THE DATA:
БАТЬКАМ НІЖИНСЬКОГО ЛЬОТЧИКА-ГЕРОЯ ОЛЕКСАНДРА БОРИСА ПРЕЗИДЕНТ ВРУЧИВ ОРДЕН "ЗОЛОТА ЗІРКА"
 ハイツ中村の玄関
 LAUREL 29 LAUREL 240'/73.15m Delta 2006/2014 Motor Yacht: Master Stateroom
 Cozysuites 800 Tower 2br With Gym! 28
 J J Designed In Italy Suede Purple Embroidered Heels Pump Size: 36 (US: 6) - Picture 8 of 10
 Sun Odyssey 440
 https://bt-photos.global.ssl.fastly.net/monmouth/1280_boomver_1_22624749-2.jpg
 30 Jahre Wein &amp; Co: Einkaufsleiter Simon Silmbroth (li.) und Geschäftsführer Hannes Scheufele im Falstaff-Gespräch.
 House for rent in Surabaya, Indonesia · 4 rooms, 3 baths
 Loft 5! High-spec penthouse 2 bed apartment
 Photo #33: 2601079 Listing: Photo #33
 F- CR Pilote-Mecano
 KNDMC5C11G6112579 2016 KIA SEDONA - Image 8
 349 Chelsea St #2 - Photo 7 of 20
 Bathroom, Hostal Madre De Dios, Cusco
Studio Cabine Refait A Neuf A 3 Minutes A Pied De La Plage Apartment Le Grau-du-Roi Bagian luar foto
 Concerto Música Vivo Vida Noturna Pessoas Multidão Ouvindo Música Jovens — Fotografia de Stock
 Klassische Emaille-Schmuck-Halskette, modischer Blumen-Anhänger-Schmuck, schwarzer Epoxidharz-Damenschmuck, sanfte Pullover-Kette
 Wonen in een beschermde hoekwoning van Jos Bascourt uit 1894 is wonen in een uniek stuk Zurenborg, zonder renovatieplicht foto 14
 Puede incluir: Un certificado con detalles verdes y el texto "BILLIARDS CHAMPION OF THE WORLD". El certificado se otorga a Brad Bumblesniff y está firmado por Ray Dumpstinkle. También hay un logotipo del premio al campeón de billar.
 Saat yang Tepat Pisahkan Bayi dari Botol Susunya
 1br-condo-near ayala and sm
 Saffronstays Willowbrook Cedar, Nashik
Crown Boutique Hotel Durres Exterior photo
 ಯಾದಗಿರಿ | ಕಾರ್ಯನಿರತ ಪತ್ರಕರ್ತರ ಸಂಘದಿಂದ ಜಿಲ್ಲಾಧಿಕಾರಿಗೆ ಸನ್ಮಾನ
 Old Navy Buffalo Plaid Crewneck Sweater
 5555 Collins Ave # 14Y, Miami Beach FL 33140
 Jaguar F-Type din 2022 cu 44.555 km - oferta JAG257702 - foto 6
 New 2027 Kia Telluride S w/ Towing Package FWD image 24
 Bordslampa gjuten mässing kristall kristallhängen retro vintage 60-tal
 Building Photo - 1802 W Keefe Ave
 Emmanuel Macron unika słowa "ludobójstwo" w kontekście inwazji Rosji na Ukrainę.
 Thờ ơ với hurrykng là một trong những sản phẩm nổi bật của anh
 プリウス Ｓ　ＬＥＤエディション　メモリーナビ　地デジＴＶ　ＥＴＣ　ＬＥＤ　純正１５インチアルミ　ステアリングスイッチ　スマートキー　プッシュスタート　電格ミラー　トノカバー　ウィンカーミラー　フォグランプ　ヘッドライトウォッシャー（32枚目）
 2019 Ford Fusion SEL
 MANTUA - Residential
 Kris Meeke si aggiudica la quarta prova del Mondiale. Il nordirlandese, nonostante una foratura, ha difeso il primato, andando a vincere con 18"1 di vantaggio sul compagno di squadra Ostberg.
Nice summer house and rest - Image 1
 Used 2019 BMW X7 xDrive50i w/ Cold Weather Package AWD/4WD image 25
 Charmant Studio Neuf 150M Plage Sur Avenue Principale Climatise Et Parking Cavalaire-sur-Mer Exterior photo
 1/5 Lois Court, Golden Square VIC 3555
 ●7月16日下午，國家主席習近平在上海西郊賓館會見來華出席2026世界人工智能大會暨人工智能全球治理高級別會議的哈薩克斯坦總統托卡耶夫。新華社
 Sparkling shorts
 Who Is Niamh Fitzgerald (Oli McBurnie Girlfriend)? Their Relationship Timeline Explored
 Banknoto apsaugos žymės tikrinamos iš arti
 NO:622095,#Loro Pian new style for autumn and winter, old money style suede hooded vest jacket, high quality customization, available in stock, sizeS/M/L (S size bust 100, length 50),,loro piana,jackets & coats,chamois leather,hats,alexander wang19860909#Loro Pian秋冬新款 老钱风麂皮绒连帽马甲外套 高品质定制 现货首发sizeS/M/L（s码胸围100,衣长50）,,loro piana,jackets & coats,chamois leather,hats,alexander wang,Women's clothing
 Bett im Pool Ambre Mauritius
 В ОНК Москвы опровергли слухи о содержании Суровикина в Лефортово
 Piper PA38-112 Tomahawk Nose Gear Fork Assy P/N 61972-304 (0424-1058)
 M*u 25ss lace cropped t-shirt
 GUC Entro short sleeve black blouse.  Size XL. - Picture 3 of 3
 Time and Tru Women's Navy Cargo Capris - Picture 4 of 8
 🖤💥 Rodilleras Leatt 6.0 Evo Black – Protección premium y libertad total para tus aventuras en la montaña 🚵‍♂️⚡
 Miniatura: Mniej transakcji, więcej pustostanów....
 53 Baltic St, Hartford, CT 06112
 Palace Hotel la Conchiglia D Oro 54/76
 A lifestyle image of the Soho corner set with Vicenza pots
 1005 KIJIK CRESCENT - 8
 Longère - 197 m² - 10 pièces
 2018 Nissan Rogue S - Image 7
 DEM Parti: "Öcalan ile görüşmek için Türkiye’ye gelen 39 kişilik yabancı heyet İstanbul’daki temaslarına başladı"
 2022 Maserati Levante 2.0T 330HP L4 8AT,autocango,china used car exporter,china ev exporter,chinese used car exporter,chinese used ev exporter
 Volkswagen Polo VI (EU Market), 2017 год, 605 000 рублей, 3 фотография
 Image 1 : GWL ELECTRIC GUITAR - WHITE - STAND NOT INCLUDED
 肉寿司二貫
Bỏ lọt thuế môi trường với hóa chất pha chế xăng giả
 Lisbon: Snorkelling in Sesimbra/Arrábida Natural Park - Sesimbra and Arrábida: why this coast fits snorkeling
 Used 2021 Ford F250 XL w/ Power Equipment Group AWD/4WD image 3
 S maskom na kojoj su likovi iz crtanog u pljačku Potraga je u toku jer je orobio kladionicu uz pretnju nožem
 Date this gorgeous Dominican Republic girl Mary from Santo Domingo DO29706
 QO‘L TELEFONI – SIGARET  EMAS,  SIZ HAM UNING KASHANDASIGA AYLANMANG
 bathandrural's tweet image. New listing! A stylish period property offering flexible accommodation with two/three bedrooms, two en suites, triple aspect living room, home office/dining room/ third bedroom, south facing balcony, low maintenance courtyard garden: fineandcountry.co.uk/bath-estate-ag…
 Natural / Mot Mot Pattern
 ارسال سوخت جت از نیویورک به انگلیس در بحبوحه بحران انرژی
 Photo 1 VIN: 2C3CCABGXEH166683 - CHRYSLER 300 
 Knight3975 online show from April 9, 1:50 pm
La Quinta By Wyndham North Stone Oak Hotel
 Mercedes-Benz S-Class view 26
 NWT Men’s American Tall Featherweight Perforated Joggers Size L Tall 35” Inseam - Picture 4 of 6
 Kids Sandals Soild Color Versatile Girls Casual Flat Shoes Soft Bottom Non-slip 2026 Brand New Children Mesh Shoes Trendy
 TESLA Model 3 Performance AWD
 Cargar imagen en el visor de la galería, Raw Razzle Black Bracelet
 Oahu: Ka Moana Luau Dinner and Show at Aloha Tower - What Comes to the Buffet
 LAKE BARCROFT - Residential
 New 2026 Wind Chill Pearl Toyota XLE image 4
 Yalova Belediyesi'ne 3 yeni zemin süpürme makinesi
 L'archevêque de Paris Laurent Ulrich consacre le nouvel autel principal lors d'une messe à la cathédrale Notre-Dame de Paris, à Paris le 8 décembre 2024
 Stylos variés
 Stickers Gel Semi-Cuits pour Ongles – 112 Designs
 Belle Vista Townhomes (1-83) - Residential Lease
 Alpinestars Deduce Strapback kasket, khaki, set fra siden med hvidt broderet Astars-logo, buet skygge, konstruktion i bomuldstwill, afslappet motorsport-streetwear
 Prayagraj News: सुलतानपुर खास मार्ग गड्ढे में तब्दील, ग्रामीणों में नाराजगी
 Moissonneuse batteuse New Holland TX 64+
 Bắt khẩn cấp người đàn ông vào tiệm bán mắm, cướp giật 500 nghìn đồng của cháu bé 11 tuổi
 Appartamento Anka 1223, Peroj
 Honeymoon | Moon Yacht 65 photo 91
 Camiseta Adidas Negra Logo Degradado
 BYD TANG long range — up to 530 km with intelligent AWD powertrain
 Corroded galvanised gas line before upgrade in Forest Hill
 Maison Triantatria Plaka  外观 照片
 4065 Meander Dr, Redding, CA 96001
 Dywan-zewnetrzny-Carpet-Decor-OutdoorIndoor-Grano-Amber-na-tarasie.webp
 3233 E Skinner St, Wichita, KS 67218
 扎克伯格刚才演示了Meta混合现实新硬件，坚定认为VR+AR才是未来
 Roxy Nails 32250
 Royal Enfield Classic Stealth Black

WORK REQUIRED: At the line with "Maison Triantatria Plaka", start returning lines exactly, and stop after the final line of the listing.

ANSWER AREA:
 Maison Triantatria Plaka  外观 照片
 4065 Meander Dr, Redding, CA 96001
 Dywan-zewnetrzny-Carpet-Decor-OutdoorIndoor-Grano-Amber-na-tarasie.webp
 3233 E Skinner St, Wichita, KS 67218
 扎克伯格刚才演示了Meta混合现实新硬件，坚定认为VR+AR才是未来
 Roxy Nails 32250
 Royal Enfield Classic Stealth Black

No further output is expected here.